What this task involves:
Give back only the lines in the records below from the one with "Despite being red, Mars" to the one with "6686体育(6686Sports) DeepSeek 融资后，", both inclusive, word for word.

[Caption-style text data]
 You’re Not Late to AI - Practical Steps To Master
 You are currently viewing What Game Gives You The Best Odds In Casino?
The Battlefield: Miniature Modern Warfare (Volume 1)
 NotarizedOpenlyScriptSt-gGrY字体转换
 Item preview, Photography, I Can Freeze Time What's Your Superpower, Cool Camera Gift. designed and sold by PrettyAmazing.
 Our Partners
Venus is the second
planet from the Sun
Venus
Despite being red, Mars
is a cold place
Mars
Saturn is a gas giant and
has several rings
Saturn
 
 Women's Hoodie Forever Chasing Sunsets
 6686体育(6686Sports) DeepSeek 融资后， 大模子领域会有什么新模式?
* * *
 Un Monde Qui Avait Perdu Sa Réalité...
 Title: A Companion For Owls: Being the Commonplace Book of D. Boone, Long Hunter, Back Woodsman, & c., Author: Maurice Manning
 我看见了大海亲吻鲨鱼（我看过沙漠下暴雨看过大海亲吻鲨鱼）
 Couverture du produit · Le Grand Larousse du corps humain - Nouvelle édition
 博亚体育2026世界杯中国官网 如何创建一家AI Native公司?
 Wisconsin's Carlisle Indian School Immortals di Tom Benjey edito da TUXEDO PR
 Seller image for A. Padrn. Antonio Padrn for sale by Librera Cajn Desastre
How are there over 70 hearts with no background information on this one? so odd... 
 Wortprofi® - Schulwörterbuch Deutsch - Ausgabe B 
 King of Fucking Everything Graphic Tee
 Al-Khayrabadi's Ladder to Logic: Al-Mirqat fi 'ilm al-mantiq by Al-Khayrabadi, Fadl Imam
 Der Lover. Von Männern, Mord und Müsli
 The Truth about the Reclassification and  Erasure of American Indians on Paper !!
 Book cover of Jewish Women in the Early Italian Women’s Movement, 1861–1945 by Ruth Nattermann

Output below:
Despite being red, Mars
is a cold place
Mars
Saturn is a gas giant and
has several rings
Saturn
 
 Women's Hoodie Forever Chasing Sunsets
 6686体育(6686Sports) DeepSeek 融资后， 大模子领域会有什么新模式?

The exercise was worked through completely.